“Mongjoon Jeong is coming to HHI to collect bills”
“They have been expanding their affiliates from sweets  gathered by squeezing subcontractors. Now, they are not just squeezing to cut their deficit but asking for deaths.” (Manager A, HHI subcontracting company)
Continuous deficit for 6 quarters from Q4 in 2013 to Q1 this year has been reported; an accumulated deficit of 3.5 trillion won. This is the story of the world’s largest shipbuilding company, Hyundai Heavy Industry (refer to as HHI below). However, they had won victory after victory beforehand.
HHI’s affiliates are 27 (Dec 2014); Hyundai Merchant Marine, Hyundai Oil Bank, Hotel Hyundai to name a few. HHI was separated from Hyundai group in 2002 after ‘prince’s revolt’ and has expanded their affiliates from late 2000’s.
Starting with Hi Investment & Securities in 2008, they bought Hotel Hyundai in 2009 and New Korea Tour in 2012. In their M&A statistics after Feb 2010, HHI took over 5 companies spending 3,087,200,000,000 won. From this, 2,893,300,000,000 won was spent to buy Hyundai Oil Bank (94% of total investment).
Unforgotten shareholder’s dividends
The amount of holding share is also considerable. HHI, Hyundai Mipo Dockyard and Samho Heavy Industry have more than 3,100,000,000,000 won worth of sellable listed company’s stocks. 
From an audit report in 2014 Q3, HHI holds almost 1,400 billion won; Hyundai Motors (4.4 million stocks worth 740 billion won), Kia Motors (88,000 stocks worth 490 billion won), Hyundai Elevator (217,000 stocks worth 12.9 billion won) and Hyundai Merchant Marine (23 million stocks worth 640 billion won).
Hyundai Samho Heavy Industry holds stocks valued at 1.5 trillion won; Hyundai Motors (2,265,000 stocks, 380 billion won), Hyundai Merchant Marine (10 million stocks, 288 billion won) and POSCO (1,308,000 stocks, 380 billion won). Hyundai Mipo Dockyard also holds 397,000 stocks in KCC worth 230 billion won.
HHI recently invested 248.6 billion won in Hyundai Hotel, their affiliate, in July this year. It was the sum of 73.5 billion won cash and 175.1 billion won investment in kind. 
This is why it was pointed out that their deficit can be paid off by selling some of their stocks.
They also didn’t forget to pay shareholders. HHI gave 2.082 trillion won dividend in cash to shareholders from 2007 to 2014. From this, share dividend between 2010 and 2014 was 1.103 trillion won. It means they regularly gave share dividend even during the recession period of shipbuilding industry after the economic crisis.
Mr.
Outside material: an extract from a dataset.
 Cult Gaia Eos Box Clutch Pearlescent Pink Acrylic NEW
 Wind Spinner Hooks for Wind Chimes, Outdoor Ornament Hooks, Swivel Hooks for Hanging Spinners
Mong-joon Jeong, the largest shareholder of HHI received 61.5 billion won dividend in 2008, 61.6 billion won in 2009, 28,740 million won in 2010, 30.8 billion won in 2012 and 15.3 billion won in 2014.
The HHI CEO Mr. Jaesung Lee, who made the biggest deficit since its founding, received 3.699 billion won retirement bonus in Sep 2014. The salary of the board was also increased to 6.150 billion won, which was 1.950 billion more than 2014. They are continually making money while saying publicly there is a deficit.
Subcontractors were given nothing while dividends were paid and affiliates grew.
‘My effort and your fault’
Of course, business can’t always be good. HHI made 171 billion won business loss in the Q2 this year.
HHI is trying to make it up by restructuring of labor. 1,500 office workers were dismissed and it is going on for subcontractors. In July 2015, 3,000 subcontractors were fired. As 48 subcontracting companies closed down, subcontractors naturally lost their jobs and they were replaced with lower-cost subcontracting companies.
The reason why subcontracting companies shut down is due to the ‘smashing contracting price’.
This leads to the structure workers where are “dying on the job”. The flow of ‘low priced contract ? insufficient budget ? rushed completion time? low labor price ?low price applied’ continues and the ‘rushed completion time’ plays a role of murderer in occupational injury.
It is the way they expand affiliates and divide more dividends to shareholders during boom times and pass deficits onto subcontractors in recessions.
“If there were no astronomical money divided to large shareholders, HHI could be  well operated.”
Mr. Chang-min Ha, the director of HHI subcontracting branch said, “They took all profits and expanded more affiliates in surplus but didn’t share the profit with subcontractors. Now, they are passing the pain onto subcontractors in deficit”.
Mr. Ha also said, “Numerous subcontracting companies are bankrupted in line due to the ‘smashing contract price’ and subcontractors are exposed to deaths as well as delay in payment and dismissal in this circumstance. If there were no astronomical money divided to large shareholders, HHI could be well operated. There is no solution as long as shareholders are greedy. They are squeezing HHI to fill their pockets so subcontractors are squeezed as a result”.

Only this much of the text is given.